▶ REQUIRED ACTION
From top to bottom, retype the data exactly, passing over any picture.

DATA BLOCK START

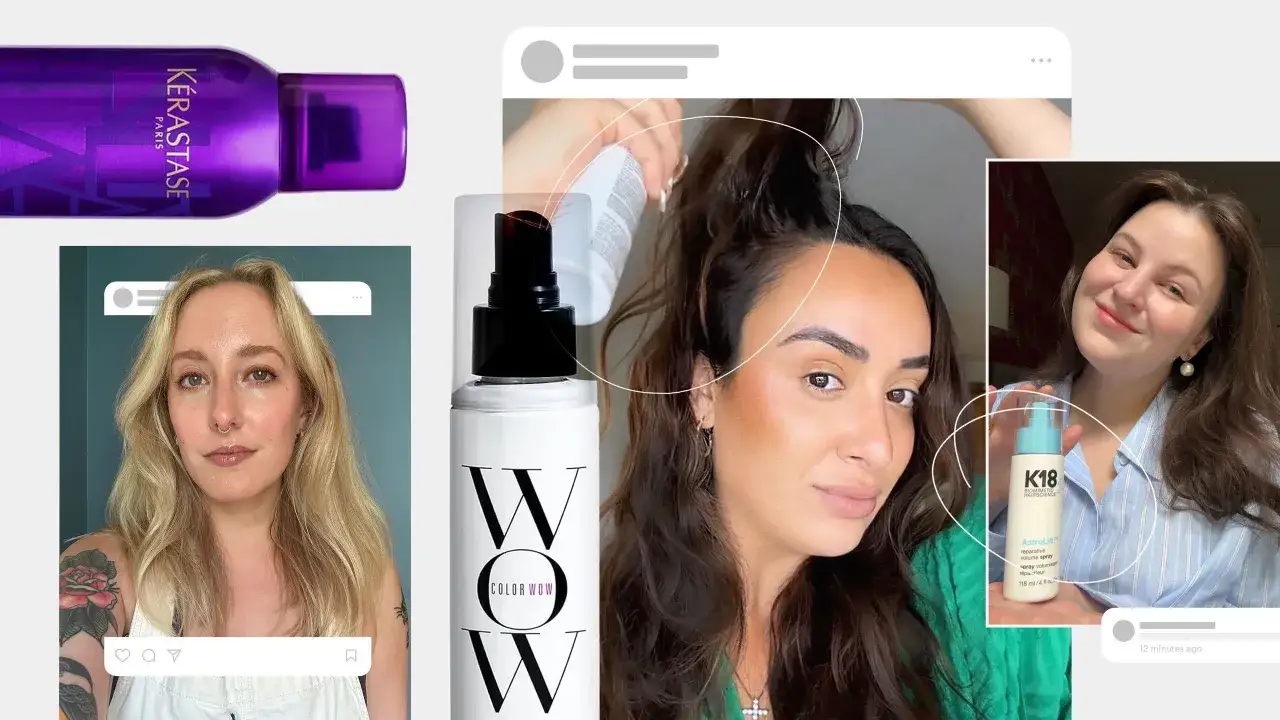 Kobiety prezentują produkty do stylizacji włos&oacute;w, podkreślając ich objętość od nasady.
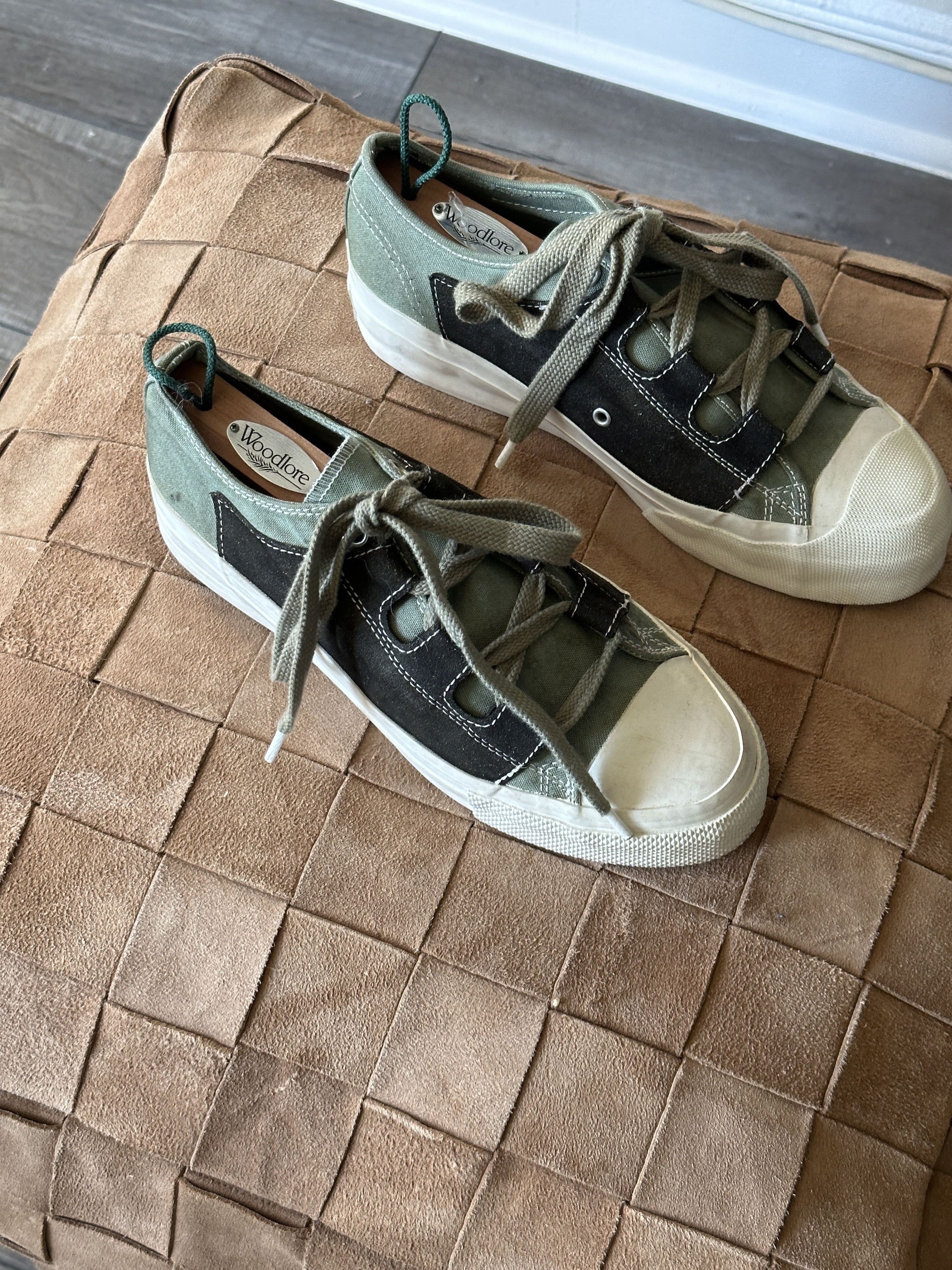 Needles Needles Asymmetric Ghillie Sneakers in Olive Grailed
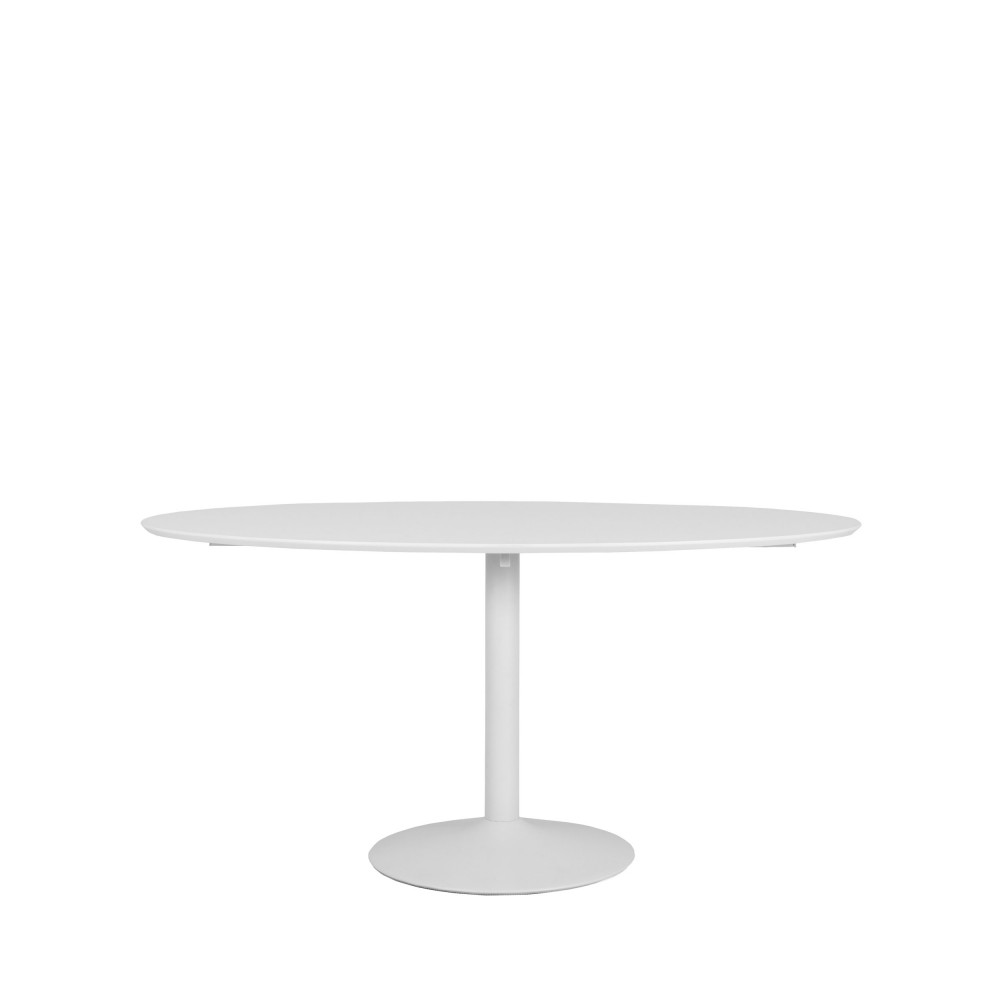 taco elipse - table à manger en bois 160x110 - couleur - blanc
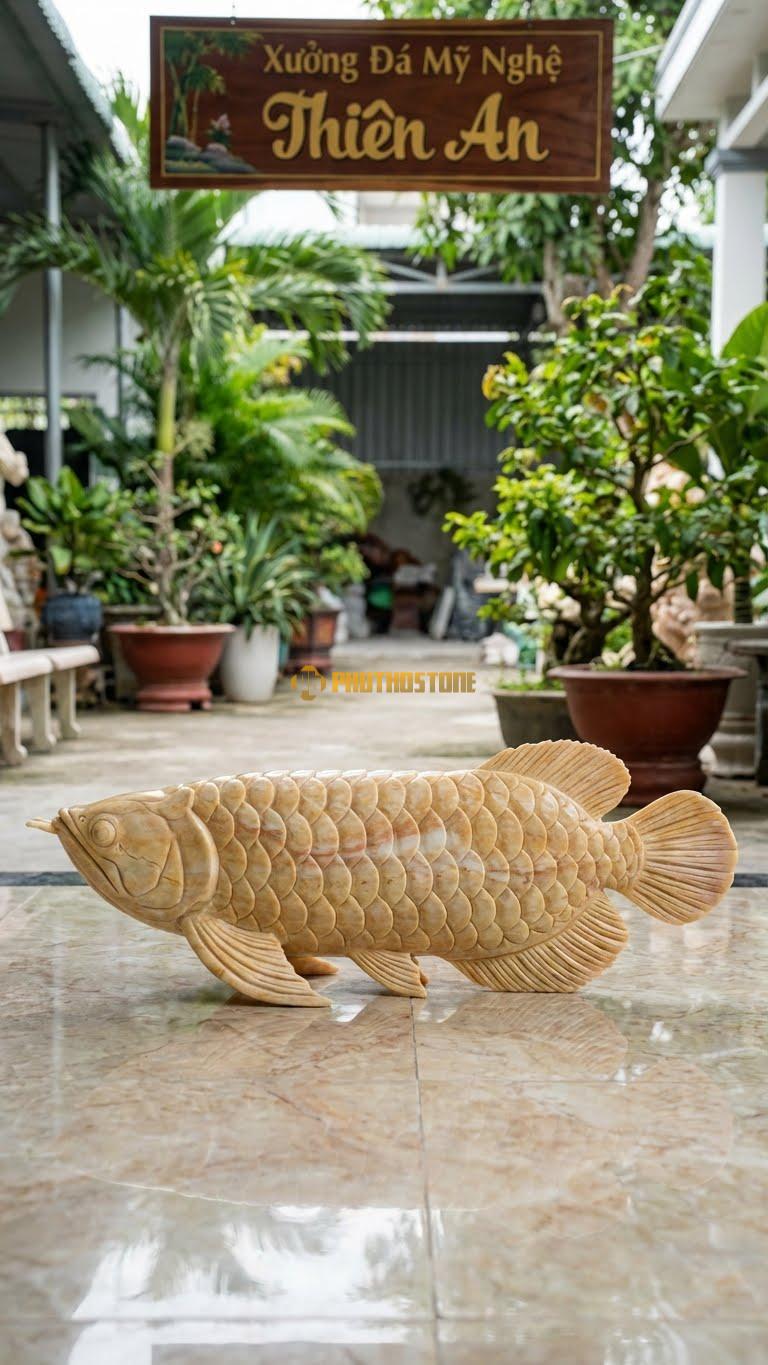 Cá Rồng Khắc Vảy Rõ Nét Bằng Đá Vàng Nghệ An, Kiểu Dáng Tỉ Mỉ Từng Vảy (Hàng Cao Cấp). Kích Thước Dài 60cm.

DATA BLOCK END

▶ WRITTEN SOLUTION
 Kobiety prezentują produkty do stylizacji włos&oacute;w, podkreślając ich objętość od nasady.
 Needles Needles Asymmetric Ghillie Sneakers in Olive Grailed
 taco elipse - table à manger en bois 160x110 - couleur - blanc
 Cá Rồng Khắc Vảy Rõ Nét Bằng Đá Vàng Nghệ An, Kiểu Dáng Tỉ Mỉ Từng Vảy (Hàng Cao Cấp). Kích Thước Dài 60cm.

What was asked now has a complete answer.